I suspect all of us are OK with saying we are indebted to teachers, to parents, to coaches, to people we like, who inspire us, and who make us look good. We like to tell that story. But how often do we stand up and say we are indebted to people we don’t like? Indebted to sinners? Indebted to non-believers, and criminals, and people who have wronged us? Those people? That’s a much tougher story.
            If we hear that story at all, it’s usually in the context of somebody saying, “I owe it to my haters, because they pushed me to be better.” But what Paul is saying in Romans 1 is more radical than that. He’s saying he owes the foolish; he owes those who are wrong; he owes everybody. Paul starts here in his letter to the church in Rome to make it abundantly clear what sin looks like—it is not just bad choices, which Paul certainly made in the past, but, more importantly, it is an indelible part of our character, and all of us are debtors because of it.
            In the alternative version of the Lord’s Prayer most often said in Presbyterian and Reformed churches, there is that line “forgive us our debts, as we forgive our debtors.” Lutherans tend to use trespasses, while others use “sins.” In some ways, all of these are trying to describe something we often fail to understand. Our debt, trespasses, and sin are not just things we do but a condition in which we live, which is precisely why we need forgiveness so desperately. We can’t simply refrain from doing bad—it is part and parcel of who we are.
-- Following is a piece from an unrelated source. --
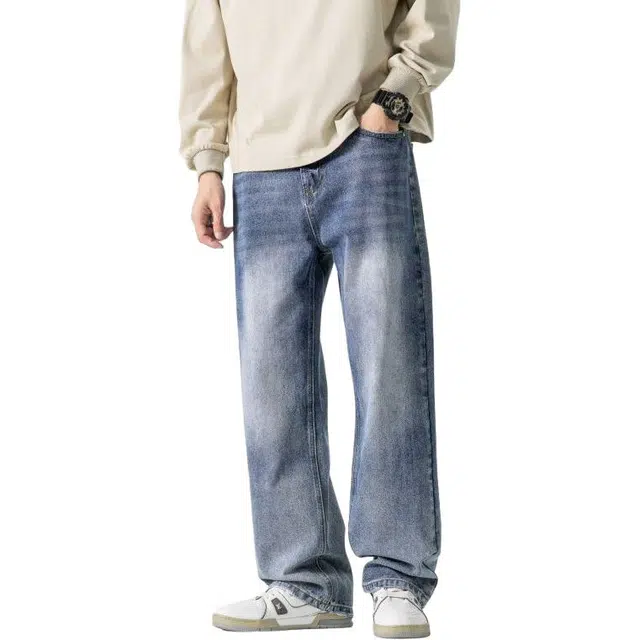 宝米卡 美式潮爆美式高街直筒牛仔裤 男女同款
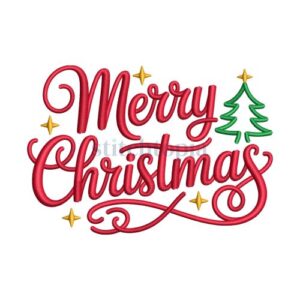 * Merry Christmas Tree #2 Embroidery Design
            So, we are debtors—debtors to people we like and don’t like. This gets particularly messy when we talk about abuse, because surely we cannot owe people who have committed abuse against us. Practically speaking, victims don’t owe perpetrators anything, so let’s be clear about that, but underneath it all is a reality where each of us are bound to one another, and the fabric of the universe was once and forever broken by sin so that abusers exist and those abused face the Sauls of the world without any recourse. There should be no abusers; there should be no people abused, but there are: Paul was an abuser—an abuser of the early Christians. He knows what he owes; he knows he can’t repay the debt caused by murder. What could repayment possibly look like? No reparations are enough.
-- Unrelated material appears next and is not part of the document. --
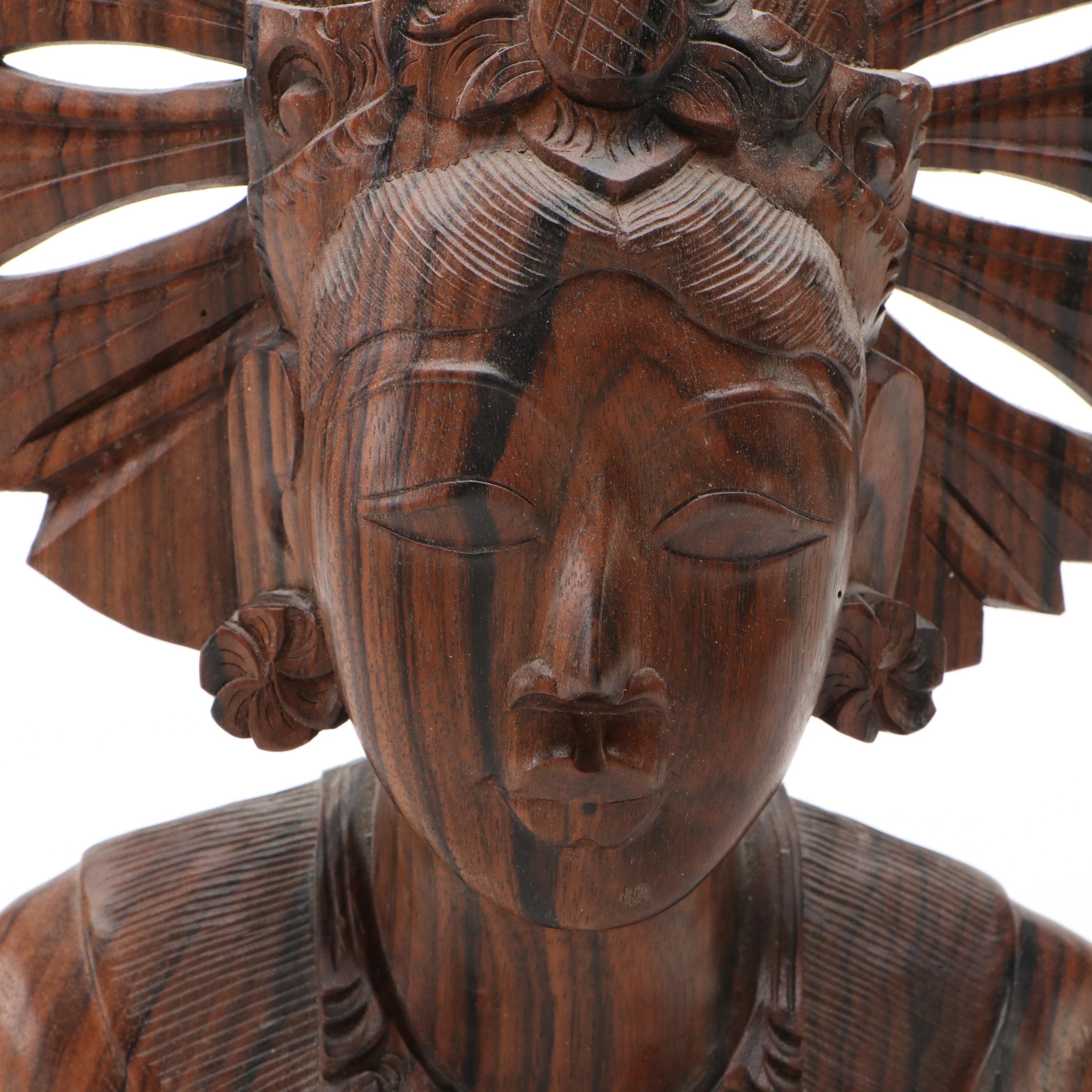 Balinese Coromandel Wood Hand-Carved Bust of Queen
            The story of Saul’s conversion, becoming Paul, is not one of a bad dude becoming a hero. He’s still a guy who did bad things. The only difference is that after his conversion he knows it, and he’s trying to pick up the pieces of a broken life, seeking forgiveness, and finally understanding the place from which forgiveness and, with it, true power comes.

The Gospel
            The conversion does not make Paul righteous by his own effort. Instead, it made him a preacher. He became one of the first to write down things about this God we know in Jesus Christ. When Paul wrote Romans, none of the Gospels we know today yet existed. Mark was still a decade away, Matthew and Luke thereafter, and John long after that. That’s not immediately obvious reading your Bible, but when Paul wrote this letter, the words of Jesus were part of an oral tradition passed on around campfires or in house churches, or perhaps they were part of earlier texts now lost to us. This matters, because when we think of Saul prior to conversion, I think we tend to imagine a guy who had all the information and chose not to believe in Jesus. Yet, in many ways, this letter to Rome had no scriptural precedent. Paul didn’t have Jesus’ words; he wasn’t writing an accompaniment to Matthew, Mark, Luke, and John.
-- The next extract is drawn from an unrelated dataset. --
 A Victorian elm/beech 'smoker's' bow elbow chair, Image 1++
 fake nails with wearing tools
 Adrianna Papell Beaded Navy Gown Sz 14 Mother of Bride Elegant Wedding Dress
What he had was an experience, and it was that experience that put everything in stark relief. This is a tough one for those of us in the Lutheran church, which was founded largely on this idea of sola scriptura—scripture alone—and in the day of Martin Luther this made sense, raging against the popes who made up their own laws apart from scripture. But nowadays, it feels as if Christians worship the Bible sometimes more than they do Jesus. Like so many things, the Bible—being one of the next most important things—is easy to mistake for the most important thing.

            The reason I bring this up today in light of Romans 1 is because when Paul says, “I am not ashamed of the gospel” he is not talking about Matthew, Mark, Luke, and John. These didn’t exist yet. Rather, he is talking about the good news, which, at this point, he could only know from experience! That good news came to him as a sinner, convicting him as a debtor to all. That doesn’t sound like good news at first, but stick with it! Because having discovered his own character to be fundamentally flawed, Paul (along with Peter and so many before) must have wondered, “What then can I do?” What existed on the other side of being a persecutor?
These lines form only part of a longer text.